Stored entries
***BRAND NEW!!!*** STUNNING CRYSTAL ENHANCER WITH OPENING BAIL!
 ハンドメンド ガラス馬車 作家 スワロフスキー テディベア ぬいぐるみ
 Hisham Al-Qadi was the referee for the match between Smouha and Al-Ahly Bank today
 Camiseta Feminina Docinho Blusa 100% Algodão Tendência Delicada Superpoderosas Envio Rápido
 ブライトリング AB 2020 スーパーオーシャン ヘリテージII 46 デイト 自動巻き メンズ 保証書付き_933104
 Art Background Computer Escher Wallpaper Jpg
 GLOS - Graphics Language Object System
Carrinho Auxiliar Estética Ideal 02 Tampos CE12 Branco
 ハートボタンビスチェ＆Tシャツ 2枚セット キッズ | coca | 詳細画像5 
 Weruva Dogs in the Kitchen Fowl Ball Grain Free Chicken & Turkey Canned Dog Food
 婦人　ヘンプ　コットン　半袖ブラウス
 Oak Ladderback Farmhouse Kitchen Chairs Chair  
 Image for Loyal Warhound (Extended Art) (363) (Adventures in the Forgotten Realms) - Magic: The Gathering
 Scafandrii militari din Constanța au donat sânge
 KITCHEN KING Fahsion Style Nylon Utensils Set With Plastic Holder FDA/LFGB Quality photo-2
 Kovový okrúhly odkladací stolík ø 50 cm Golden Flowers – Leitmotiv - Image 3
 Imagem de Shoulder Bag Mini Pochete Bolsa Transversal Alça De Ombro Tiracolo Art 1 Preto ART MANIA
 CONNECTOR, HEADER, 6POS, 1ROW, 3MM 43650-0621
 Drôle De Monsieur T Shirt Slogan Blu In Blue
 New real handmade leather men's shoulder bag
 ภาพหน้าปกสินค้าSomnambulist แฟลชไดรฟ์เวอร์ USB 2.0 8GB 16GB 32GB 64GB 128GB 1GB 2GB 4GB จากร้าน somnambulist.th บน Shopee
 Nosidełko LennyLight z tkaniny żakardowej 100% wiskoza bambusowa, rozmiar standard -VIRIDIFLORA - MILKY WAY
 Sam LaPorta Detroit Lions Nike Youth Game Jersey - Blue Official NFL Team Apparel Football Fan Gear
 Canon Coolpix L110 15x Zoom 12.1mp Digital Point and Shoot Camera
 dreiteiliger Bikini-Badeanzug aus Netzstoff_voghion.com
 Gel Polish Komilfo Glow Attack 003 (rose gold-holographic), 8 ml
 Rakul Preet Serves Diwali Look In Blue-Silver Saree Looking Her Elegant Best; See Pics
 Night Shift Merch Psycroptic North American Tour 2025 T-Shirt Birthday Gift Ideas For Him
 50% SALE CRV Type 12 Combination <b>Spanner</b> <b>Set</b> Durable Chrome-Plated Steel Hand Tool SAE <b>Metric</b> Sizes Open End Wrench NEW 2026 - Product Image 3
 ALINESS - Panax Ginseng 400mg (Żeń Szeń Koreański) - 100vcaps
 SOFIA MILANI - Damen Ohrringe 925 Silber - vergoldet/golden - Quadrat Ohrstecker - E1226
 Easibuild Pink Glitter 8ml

Your assignment:
Output all lines from the beginning of the data up to the line holding "dreiteiliger Bikini-Badeanzug aus", that line included, exactly as written.

Your response:
***BRAND NEW!!!*** STUNNING CRYSTAL ENHANCER WITH OPENING BAIL!
 ハンドメンド ガラス馬車 作家 スワロフスキー テディベア ぬいぐるみ
 Hisham Al-Qadi was the referee for the match between Smouha and Al-Ahly Bank today
 Camiseta Feminina Docinho Blusa 100% Algodão Tendência Delicada Superpoderosas Envio Rápido
 ブライトリング AB 2020 スーパーオーシャン ヘリテージII 46 デイト 自動巻き メンズ 保証書付き_933104
 Art Background Computer Escher Wallpaper Jpg
 GLOS - Graphics Language Object System
Carrinho Auxiliar Estética Ideal 02 Tampos CE12 Branco
 ハートボタンビスチェ＆Tシャツ 2枚セット キッズ | coca | 詳細画像5 
 Weruva Dogs in the Kitchen Fowl Ball Grain Free Chicken & Turkey Canned Dog Food
 婦人　ヘンプ　コットン　半袖ブラウス
 Oak Ladderback Farmhouse Kitchen Chairs Chair  
 Image for Loyal Warhound (Extended Art) (363) (Adventures in the Forgotten Realms) - Magic: The Gathering
 Scafandrii militari din Constanța au donat sânge
 KITCHEN KING Fahsion Style Nylon Utensils Set With Plastic Holder FDA/LFGB Quality photo-2
 Kovový okrúhly odkladací stolík ø 50 cm Golden Flowers – Leitmotiv - Image 3
 Imagem de Shoulder Bag Mini Pochete Bolsa Transversal Alça De Ombro Tiracolo Art 1 Preto ART MANIA
 CONNECTOR, HEADER, 6POS, 1ROW, 3MM 43650-0621
 Drôle De Monsieur T Shirt Slogan Blu In Blue
 New real handmade leather men's shoulder bag
 ภาพหน้าปกสินค้าSomnambulist แฟลชไดรฟ์เวอร์ USB 2.0 8GB 16GB 32GB 64GB 128GB 1GB 2GB 4GB จากร้าน somnambulist.th บน Shopee
 Nosidełko LennyLight z tkaniny żakardowej 100% wiskoza bambusowa, rozmiar standard -VIRIDIFLORA - MILKY WAY
 Sam LaPorta Detroit Lions Nike Youth Game Jersey - Blue Official NFL Team Apparel Football Fan Gear
 Canon Coolpix L110 15x Zoom 12.1mp Digital Point and Shoot Camera
 dreiteiliger Bikini-Badeanzug aus Netzstoff_voghion.com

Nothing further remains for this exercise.